━━━━━ Information
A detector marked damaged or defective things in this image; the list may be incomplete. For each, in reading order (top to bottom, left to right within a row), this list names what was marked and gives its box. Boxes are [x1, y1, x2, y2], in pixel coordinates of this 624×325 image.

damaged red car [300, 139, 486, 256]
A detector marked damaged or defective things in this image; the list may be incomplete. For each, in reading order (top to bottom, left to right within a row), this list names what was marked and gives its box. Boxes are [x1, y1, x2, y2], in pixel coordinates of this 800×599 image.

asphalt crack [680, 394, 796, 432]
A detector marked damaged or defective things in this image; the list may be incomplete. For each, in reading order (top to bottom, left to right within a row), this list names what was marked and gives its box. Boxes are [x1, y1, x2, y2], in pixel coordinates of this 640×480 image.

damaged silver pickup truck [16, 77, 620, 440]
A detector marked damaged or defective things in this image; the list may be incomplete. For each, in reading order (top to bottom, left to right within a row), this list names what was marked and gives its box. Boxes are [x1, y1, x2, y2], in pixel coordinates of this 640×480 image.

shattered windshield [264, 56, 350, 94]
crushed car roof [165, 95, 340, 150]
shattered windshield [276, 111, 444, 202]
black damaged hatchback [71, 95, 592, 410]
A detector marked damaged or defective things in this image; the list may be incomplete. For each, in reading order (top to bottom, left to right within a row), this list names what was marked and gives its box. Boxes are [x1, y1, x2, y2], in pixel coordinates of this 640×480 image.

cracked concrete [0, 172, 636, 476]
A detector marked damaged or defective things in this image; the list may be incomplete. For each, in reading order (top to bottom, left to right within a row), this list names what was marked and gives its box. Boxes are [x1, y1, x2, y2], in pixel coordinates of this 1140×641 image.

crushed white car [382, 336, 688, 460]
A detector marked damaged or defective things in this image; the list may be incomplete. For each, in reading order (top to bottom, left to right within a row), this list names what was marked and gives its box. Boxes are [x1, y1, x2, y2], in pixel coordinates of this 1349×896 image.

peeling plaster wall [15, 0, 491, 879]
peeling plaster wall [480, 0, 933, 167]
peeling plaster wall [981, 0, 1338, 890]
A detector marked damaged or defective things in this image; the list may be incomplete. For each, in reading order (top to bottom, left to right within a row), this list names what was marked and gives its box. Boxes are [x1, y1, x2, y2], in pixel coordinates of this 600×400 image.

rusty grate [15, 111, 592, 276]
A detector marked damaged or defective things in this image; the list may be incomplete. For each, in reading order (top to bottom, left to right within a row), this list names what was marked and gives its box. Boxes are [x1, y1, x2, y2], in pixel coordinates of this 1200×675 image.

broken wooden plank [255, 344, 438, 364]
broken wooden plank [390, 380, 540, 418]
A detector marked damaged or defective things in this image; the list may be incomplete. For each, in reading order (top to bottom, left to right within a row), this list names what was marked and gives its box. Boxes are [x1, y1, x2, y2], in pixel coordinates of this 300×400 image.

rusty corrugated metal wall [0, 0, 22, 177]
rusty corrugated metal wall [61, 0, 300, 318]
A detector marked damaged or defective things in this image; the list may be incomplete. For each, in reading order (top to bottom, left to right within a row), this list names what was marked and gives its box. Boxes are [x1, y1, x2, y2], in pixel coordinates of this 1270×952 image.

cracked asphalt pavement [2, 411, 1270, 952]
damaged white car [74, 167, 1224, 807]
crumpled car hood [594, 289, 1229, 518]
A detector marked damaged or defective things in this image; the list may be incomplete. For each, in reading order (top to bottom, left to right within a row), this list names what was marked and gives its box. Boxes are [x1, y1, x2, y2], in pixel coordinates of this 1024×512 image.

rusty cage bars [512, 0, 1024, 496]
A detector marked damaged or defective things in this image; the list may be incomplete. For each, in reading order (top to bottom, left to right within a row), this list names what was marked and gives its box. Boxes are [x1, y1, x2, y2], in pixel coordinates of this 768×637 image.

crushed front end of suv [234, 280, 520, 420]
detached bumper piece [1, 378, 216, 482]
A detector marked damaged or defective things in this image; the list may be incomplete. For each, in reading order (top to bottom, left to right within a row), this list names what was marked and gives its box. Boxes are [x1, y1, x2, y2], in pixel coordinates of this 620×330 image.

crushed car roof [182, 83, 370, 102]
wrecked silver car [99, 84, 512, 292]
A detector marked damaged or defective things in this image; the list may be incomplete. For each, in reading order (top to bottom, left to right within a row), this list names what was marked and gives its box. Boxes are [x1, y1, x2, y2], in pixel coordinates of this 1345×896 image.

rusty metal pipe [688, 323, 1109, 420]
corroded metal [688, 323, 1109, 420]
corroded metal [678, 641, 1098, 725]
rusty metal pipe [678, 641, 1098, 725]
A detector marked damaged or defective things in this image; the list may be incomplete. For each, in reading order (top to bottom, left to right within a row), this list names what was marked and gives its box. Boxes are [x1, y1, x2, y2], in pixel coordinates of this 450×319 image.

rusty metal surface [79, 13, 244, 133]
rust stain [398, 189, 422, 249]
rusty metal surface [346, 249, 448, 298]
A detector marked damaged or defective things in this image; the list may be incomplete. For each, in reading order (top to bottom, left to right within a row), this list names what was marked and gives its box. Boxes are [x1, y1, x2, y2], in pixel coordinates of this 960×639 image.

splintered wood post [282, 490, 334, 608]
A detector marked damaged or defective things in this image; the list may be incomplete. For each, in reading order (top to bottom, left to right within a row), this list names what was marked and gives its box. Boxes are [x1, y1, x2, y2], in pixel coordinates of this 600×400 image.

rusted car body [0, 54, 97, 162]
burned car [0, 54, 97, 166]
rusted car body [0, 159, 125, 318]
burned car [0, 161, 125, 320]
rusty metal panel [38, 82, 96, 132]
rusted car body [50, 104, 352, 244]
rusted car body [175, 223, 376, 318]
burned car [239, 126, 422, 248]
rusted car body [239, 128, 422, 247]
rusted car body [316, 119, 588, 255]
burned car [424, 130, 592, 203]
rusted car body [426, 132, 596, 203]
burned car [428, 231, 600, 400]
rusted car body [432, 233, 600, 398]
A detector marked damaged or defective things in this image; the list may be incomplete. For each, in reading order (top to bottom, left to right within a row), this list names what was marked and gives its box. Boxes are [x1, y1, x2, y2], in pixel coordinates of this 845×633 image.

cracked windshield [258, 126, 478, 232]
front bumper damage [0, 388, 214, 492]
━━━━━━━━━━
> **Directions**
To complete the exercise, print all of the entries exactly.

> **Answer below**
A detector marked damaged or defective things in this image; the list may be incomplete. For each, in reading order (top to bottom, left to right within a row), this list names what was marked and gives its box. Boxes are [x1, y1, x2, y2], in pixel coordinates of this 624×325 image.

damaged red car [300, 139, 486, 256]
A detector marked damaged or defective things in this image; the list may be incomplete. For each, in reading order (top to bottom, left to right within a row), this list names what was marked and gives its box. Boxes are [x1, y1, x2, y2], in pixel coordinates of this 800×599 image.

asphalt crack [680, 394, 796, 432]
A detector marked damaged or defective things in this image; the list may be incomplete. For each, in reading order (top to bottom, left to right within a row), this list names what was marked and gives its box. Boxes are [x1, y1, x2, y2], in pixel coordinates of this 640×480 image.

damaged silver pickup truck [16, 77, 620, 440]
A detector marked damaged or defective things in this image; the list may be incomplete. For each, in reading order (top to bottom, left to right within a row), this list names what was marked and gives its box. Boxes are [x1, y1, x2, y2], in pixel coordinates of this 640×480 image.

shattered windshield [264, 56, 350, 94]
crushed car roof [165, 95, 340, 150]
shattered windshield [276, 111, 444, 202]
black damaged hatchback [71, 95, 592, 410]
A detector marked damaged or defective things in this image; the list may be incomplete. For each, in reading order (top to bottom, left to right within a row), this list names what was marked and gives its box. Boxes are [x1, y1, x2, y2], in pixel coordinates of this 640×480 image.

cracked concrete [0, 172, 636, 476]
A detector marked damaged or defective things in this image; the list may be incomplete. For each, in reading order (top to bottom, left to right within a row), this list names what was marked and gives its box. Boxes are [x1, y1, x2, y2], in pixel coordinates of this 1140×641 image.

crushed white car [382, 336, 688, 460]
A detector marked damaged or defective things in this image; the list may be incomplete. For each, in reading order (top to bottom, left to right within a row), this list names what was marked and gives its box. Boxes are [x1, y1, x2, y2], in pixel coordinates of this 1349×896 image.

peeling plaster wall [15, 0, 491, 879]
peeling plaster wall [480, 0, 933, 167]
peeling plaster wall [981, 0, 1338, 890]
A detector marked damaged or defective things in this image; the list may be incomplete. For each, in reading order (top to bottom, left to right within a row), this list names what was marked and gives its box. Boxes are [x1, y1, x2, y2], in pixel coordinates of this 600×400 image.

rusty grate [15, 111, 592, 276]
A detector marked damaged or defective things in this image; the list may be incomplete. For each, in reading order (top to bottom, left to right within a row), this list names what was marked and gives its box. Boxes are [x1, y1, x2, y2], in pixel coordinates of this 1200×675 image.

broken wooden plank [255, 344, 438, 364]
broken wooden plank [390, 380, 540, 418]
A detector marked damaged or defective things in this image; the list may be incomplete. For each, in reading order (top to bottom, left to right within a row), this list names what was marked and gives its box. Boxes are [x1, y1, x2, y2], in pixel coordinates of this 300×400 image.

rusty corrugated metal wall [0, 0, 22, 177]
rusty corrugated metal wall [61, 0, 300, 318]
A detector marked damaged or defective things in this image; the list may be incomplete. For each, in reading order (top to bottom, left to right within a row), this list names what was marked and gives its box. Boxes are [x1, y1, x2, y2], in pixel coordinates of this 1270×952 image.

cracked asphalt pavement [2, 411, 1270, 952]
damaged white car [74, 167, 1224, 807]
crumpled car hood [594, 289, 1229, 518]
A detector marked damaged or defective things in this image; the list may be incomplete. For each, in reading order (top to bottom, left to right within a row), this list names what was marked and gives its box. Boxes are [x1, y1, x2, y2], in pixel coordinates of this 1024×512 image.

rusty cage bars [512, 0, 1024, 496]
A detector marked damaged or defective things in this image; the list may be incomplete. For each, in reading order (top to bottom, left to right within a row), this list names what was marked and gives its box. Boxes are [x1, y1, x2, y2], in pixel coordinates of this 768×637 image.

crushed front end of suv [234, 280, 520, 420]
detached bumper piece [1, 378, 216, 482]
A detector marked damaged or defective things in this image; the list may be incomplete. For each, in reading order (top to bottom, left to right within a row), this list names what was marked and gives its box. Boxes are [x1, y1, x2, y2], in pixel coordinates of this 620×330 image.

crushed car roof [182, 83, 370, 102]
wrecked silver car [99, 84, 512, 292]
A detector marked damaged or defective things in this image; the list may be incomplete. For each, in reading order (top to bottom, left to right within a row), this list names what was marked and gives its box. Boxes are [x1, y1, x2, y2], in pixel coordinates of this 1345×896 image.

rusty metal pipe [688, 323, 1109, 420]
corroded metal [688, 323, 1109, 420]
corroded metal [678, 641, 1098, 725]
rusty metal pipe [678, 641, 1098, 725]
A detector marked damaged or defective things in this image; the list may be incomplete. For each, in reading order (top to bottom, left to right within a row), this list names what was marked and gives its box. Boxes are [x1, y1, x2, y2], in pixel coordinates of this 450×319 image.

rusty metal surface [79, 13, 244, 133]
rust stain [398, 189, 422, 249]
rusty metal surface [346, 249, 448, 298]
A detector marked damaged or defective things in this image; the list may be incomplete. For each, in reading order (top to bottom, left to right within a row), this list names what was marked and gives its box. Boxes are [x1, y1, x2, y2], in pixel coordinates of this 960×639 image.

splintered wood post [282, 490, 334, 608]
A detector marked damaged or defective things in this image; the list may be incomplete. For each, in reading order (top to bottom, left to right within a row), this list names what was marked and gives its box. Boxes are [x1, y1, x2, y2], in pixel coordinates of this 600×400 image.

rusted car body [0, 54, 97, 162]
burned car [0, 54, 97, 166]
rusted car body [0, 159, 125, 318]
burned car [0, 161, 125, 320]
rusty metal panel [38, 82, 96, 132]
rusted car body [50, 104, 352, 244]
rusted car body [175, 223, 376, 318]
burned car [239, 126, 422, 248]
rusted car body [239, 128, 422, 247]
rusted car body [316, 119, 588, 255]
burned car [424, 130, 592, 203]
rusted car body [426, 132, 596, 203]
burned car [428, 231, 600, 400]
rusted car body [432, 233, 600, 398]
A detector marked damaged or defective things in this image; the list may be incomplete. For each, in reading order (top to bottom, left to right within a row), this list names what was marked and gives its box. Boxes are [x1, y1, x2, y2], in pixel coordinates of this 845×633 image.

cracked windshield [258, 126, 478, 232]
front bumper damage [0, 388, 214, 492]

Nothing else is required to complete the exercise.